Il Mediterraneo è la culla della civiltà greco-romana, dove affondano le radici della nostra cultura. Se per i mercanti Cartaginesi e i loro eredi il Mediterraneo non è stato altro che una strada da percorrere per accaparrarsi l’oro, da Odisseo a Enea, il mar Mediterraneo ha rappresentato la via per il compimento di una vita eroica. La nostra civiltà è sorta dall’eroismo di uomini che seppero attraversare le acque perigliose di questo mare, che è vita ma anche morte, che è pace ma anche guerra.

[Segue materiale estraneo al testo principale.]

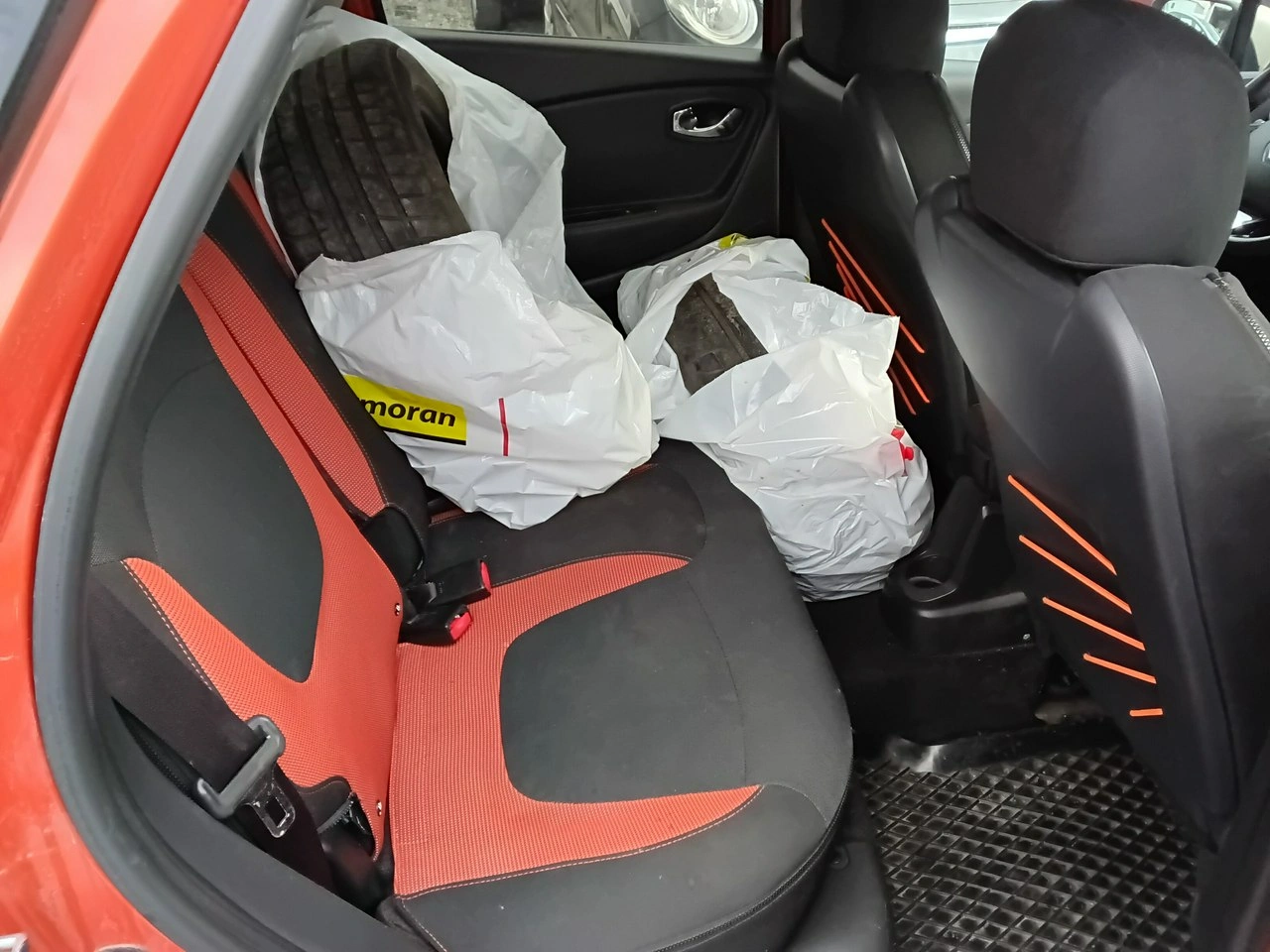 Renault Captur - Zdjęcie 9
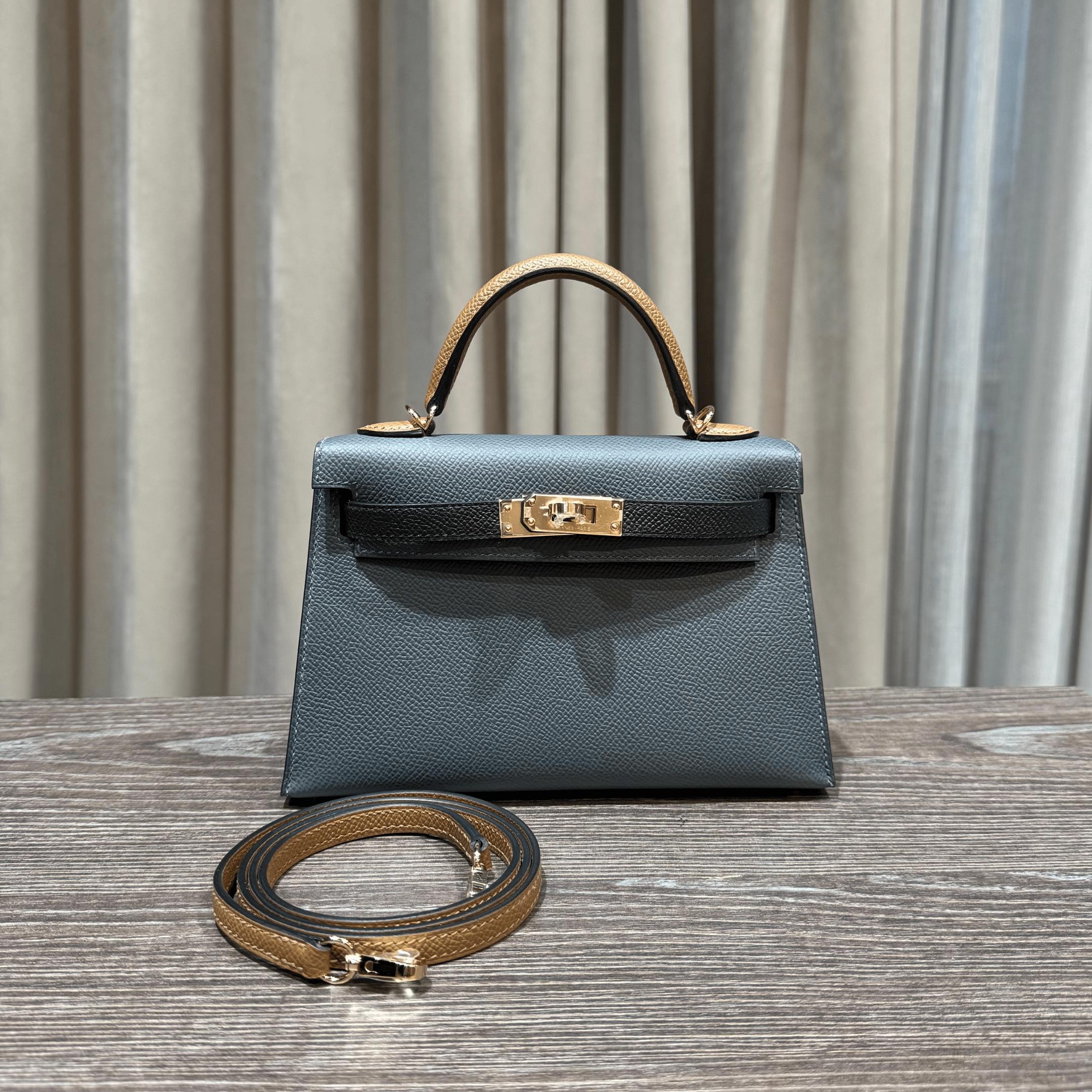 hermes-gris-misty-noir-alezan-mini-kelly-20-sellier-tricolore-epsom-permabrass-hardware-hermes-1153078774.png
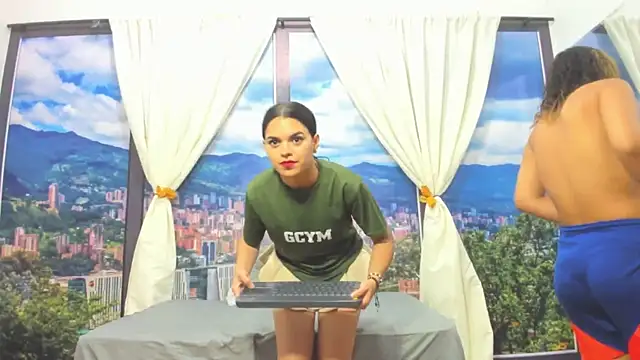 SabrinaAndYaly live sex cam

Come ricordato nel volume edito da Cinabro Edizioni “L’epica dei cieli e dei mari“, nel quale sono stati raccolti gli articoli di Evola pubblicati su “L’ala d’Italia” e “L’Italia marinara”, il motto “Navigare necesse est, vivere non est necesse“, noto anche con delle varianti, è l’esortazione che, secondo Plutarco, Gneo Pompeo diede ai suoi marinai, che opponevano resistenza all’idea di imbarcarsi alla volta di Roma a causa del cattivo tempo: «Sul punto di salpare, dato che soffiava per mare un gran vento e i timonieri rumoreggiavano, imbarcatosi per primo e ordinando di levare l’ancora gridò: Navigare è necessario, vivere non è necessario!» (Plutarco, Vita di Pompeo, 50, 1). Il motto venne poi ripreso dalla Lega Anseatica e da Gabriele D’Annunzio, che lo inserì nell’incipit della sua poesia “Alle Pleiadi e ai Fati”, che è la prima delle “Laudi” («Gloria al Latin che disse: Navigare è necessario; non è necessario vivere” / A lui sia gloria in tutto il Mare»). 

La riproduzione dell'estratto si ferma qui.